Task statement: Your answer must be the full listing below, restated word for word, with no pictures in it.

====

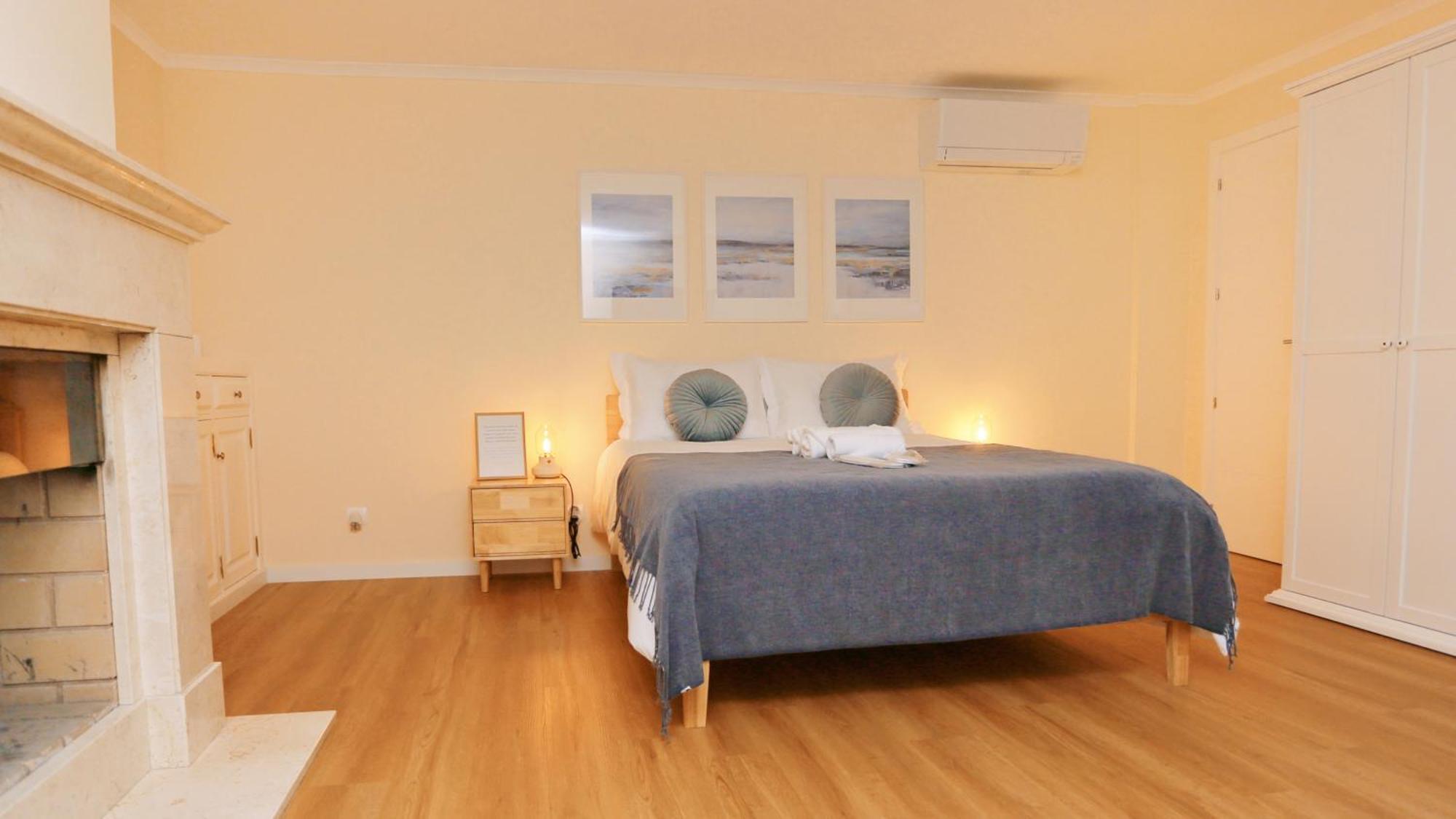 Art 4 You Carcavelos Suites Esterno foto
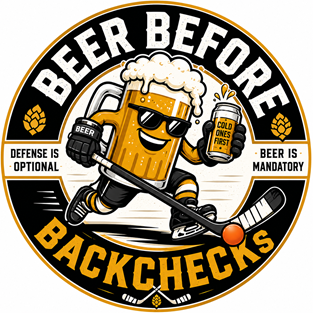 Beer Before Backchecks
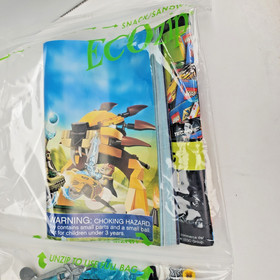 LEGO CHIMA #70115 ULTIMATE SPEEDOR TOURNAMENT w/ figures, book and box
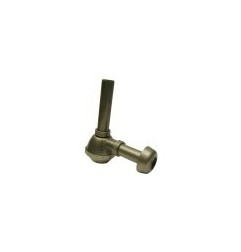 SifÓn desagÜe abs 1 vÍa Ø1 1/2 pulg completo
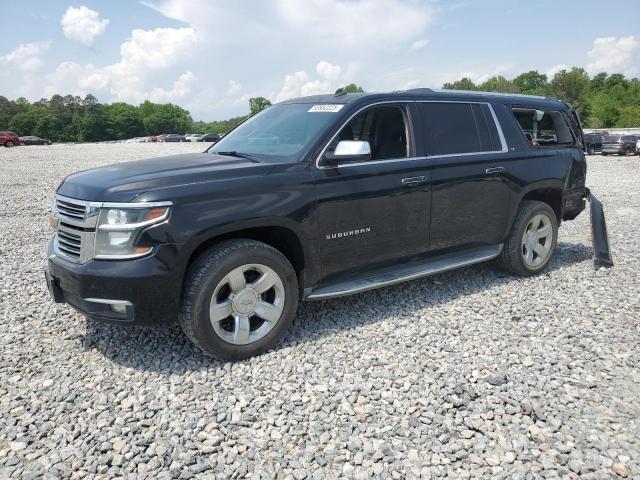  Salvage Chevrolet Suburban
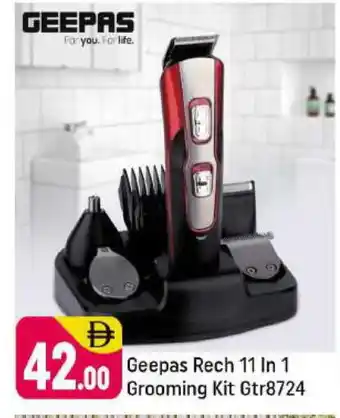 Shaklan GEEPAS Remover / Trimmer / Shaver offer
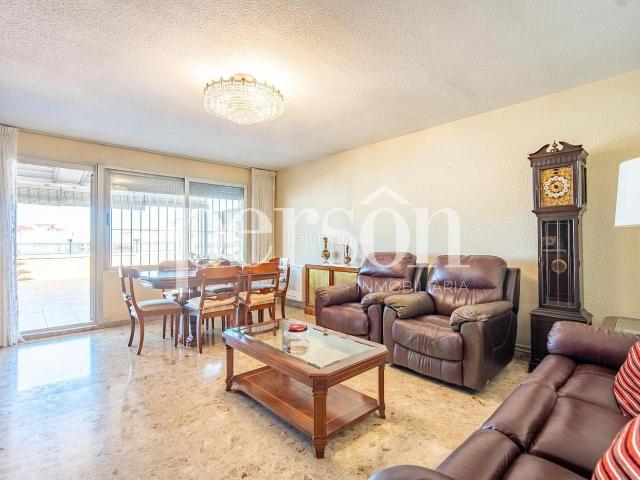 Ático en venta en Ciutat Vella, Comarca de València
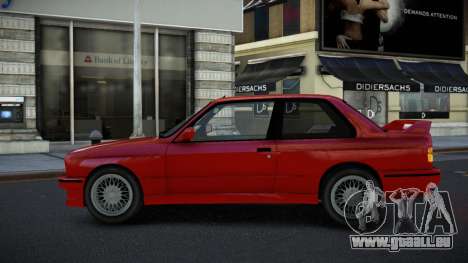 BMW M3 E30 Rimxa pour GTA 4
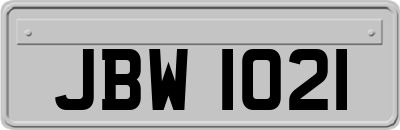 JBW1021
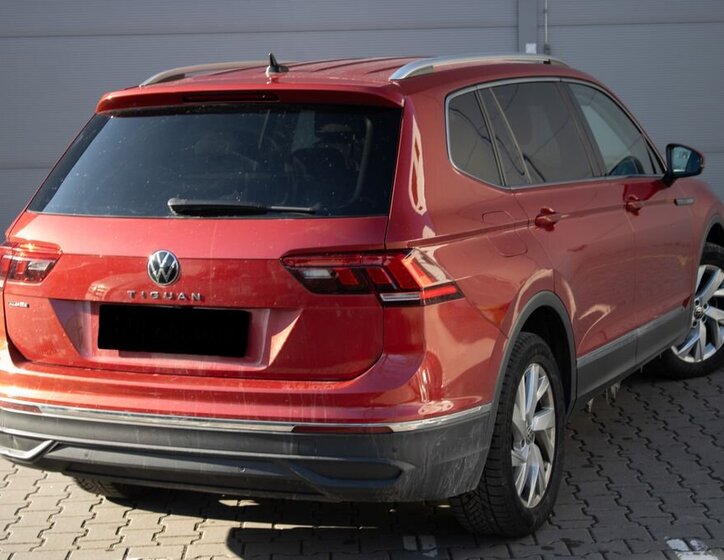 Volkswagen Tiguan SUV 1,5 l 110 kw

====

Output for this task:
 Art 4 You Carcavelos Suites Esterno foto
 Beer Before Backchecks
 LEGO CHIMA #70115 ULTIMATE SPEEDOR TOURNAMENT w/ figures, book and box
 SifÓn desagÜe abs 1 vÍa Ø1 1/2 pulg completo
  Salvage Chevrolet Suburban
 Shaklan GEEPAS Remover / Trimmer / Shaver offer
 Ático en venta en Ciutat Vella, Comarca de València
 BMW M3 E30 Rimxa pour GTA 4
 JBW1021
 Volkswagen Tiguan SUV 1,5 l 110 kw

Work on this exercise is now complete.